Compounds according to one or more of Claims 1 to 11 selected from the formulas

wherein alkyl is a straight-chain alkyl radical having 1-7 C atoms. Use of one or more compounds according to one or more of Claims 1 to 12 in liquid-crystalline media. Liquid-crystalline medium containing at least two compounds, characterized in that it contains at least one compound according to one or more of the Claims 1 to 12 contains. Electro-optical display element containing a liquid-crystalline medium according to Claim 14 , A process for the preparation of compounds of the formula I according to one or more of Claims 1 to 12 characterized in that it comprises a process step wherein a compound of formula (A)

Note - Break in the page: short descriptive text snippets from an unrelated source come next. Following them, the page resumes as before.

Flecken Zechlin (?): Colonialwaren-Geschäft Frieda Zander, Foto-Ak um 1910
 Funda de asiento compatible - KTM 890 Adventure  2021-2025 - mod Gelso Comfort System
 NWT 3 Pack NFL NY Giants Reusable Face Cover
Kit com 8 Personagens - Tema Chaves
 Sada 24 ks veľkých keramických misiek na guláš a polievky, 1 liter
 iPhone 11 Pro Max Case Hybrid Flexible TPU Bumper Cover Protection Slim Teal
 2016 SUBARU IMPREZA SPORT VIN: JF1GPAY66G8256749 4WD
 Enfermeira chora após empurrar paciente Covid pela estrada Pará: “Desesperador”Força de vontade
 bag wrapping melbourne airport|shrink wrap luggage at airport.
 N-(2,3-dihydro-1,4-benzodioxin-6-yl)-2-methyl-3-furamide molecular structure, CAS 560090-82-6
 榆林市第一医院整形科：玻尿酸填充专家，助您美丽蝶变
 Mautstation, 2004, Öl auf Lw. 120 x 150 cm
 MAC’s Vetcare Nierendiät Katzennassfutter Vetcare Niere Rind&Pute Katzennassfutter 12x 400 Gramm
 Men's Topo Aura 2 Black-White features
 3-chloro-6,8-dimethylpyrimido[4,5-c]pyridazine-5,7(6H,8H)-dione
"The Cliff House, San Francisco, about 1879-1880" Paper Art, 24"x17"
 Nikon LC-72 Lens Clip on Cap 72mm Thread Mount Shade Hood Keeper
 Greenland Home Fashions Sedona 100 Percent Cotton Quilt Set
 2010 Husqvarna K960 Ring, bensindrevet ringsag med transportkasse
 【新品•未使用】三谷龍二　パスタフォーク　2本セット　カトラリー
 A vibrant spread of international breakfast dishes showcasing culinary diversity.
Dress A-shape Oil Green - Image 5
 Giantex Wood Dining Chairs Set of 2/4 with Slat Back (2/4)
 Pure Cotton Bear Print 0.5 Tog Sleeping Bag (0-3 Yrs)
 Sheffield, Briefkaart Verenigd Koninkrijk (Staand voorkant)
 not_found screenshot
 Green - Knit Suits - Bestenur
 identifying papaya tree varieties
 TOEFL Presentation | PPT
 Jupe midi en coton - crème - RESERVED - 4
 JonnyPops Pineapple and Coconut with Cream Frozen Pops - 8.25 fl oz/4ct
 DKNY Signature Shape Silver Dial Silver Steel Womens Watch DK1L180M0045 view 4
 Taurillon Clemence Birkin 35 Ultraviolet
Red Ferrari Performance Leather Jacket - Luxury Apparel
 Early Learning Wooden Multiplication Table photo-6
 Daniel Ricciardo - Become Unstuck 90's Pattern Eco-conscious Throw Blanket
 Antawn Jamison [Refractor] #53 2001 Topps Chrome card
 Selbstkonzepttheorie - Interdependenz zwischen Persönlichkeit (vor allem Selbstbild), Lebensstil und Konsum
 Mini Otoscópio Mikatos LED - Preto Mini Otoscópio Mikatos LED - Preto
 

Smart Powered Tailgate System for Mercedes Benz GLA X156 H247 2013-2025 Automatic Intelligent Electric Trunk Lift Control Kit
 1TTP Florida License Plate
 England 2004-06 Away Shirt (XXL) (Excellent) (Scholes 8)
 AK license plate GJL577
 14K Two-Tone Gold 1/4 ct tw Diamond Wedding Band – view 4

wherein m, A ¹ , R ^{1 are} independently defined as in formula I, with a compound of formula (B)

wherein independently A ² , n and R ^{2 are} as defined in formula I is reacted. Compounds of the formula (A):

wherein m, A ¹ and R ¹ independently as in formula I according to Claim 1 are defined.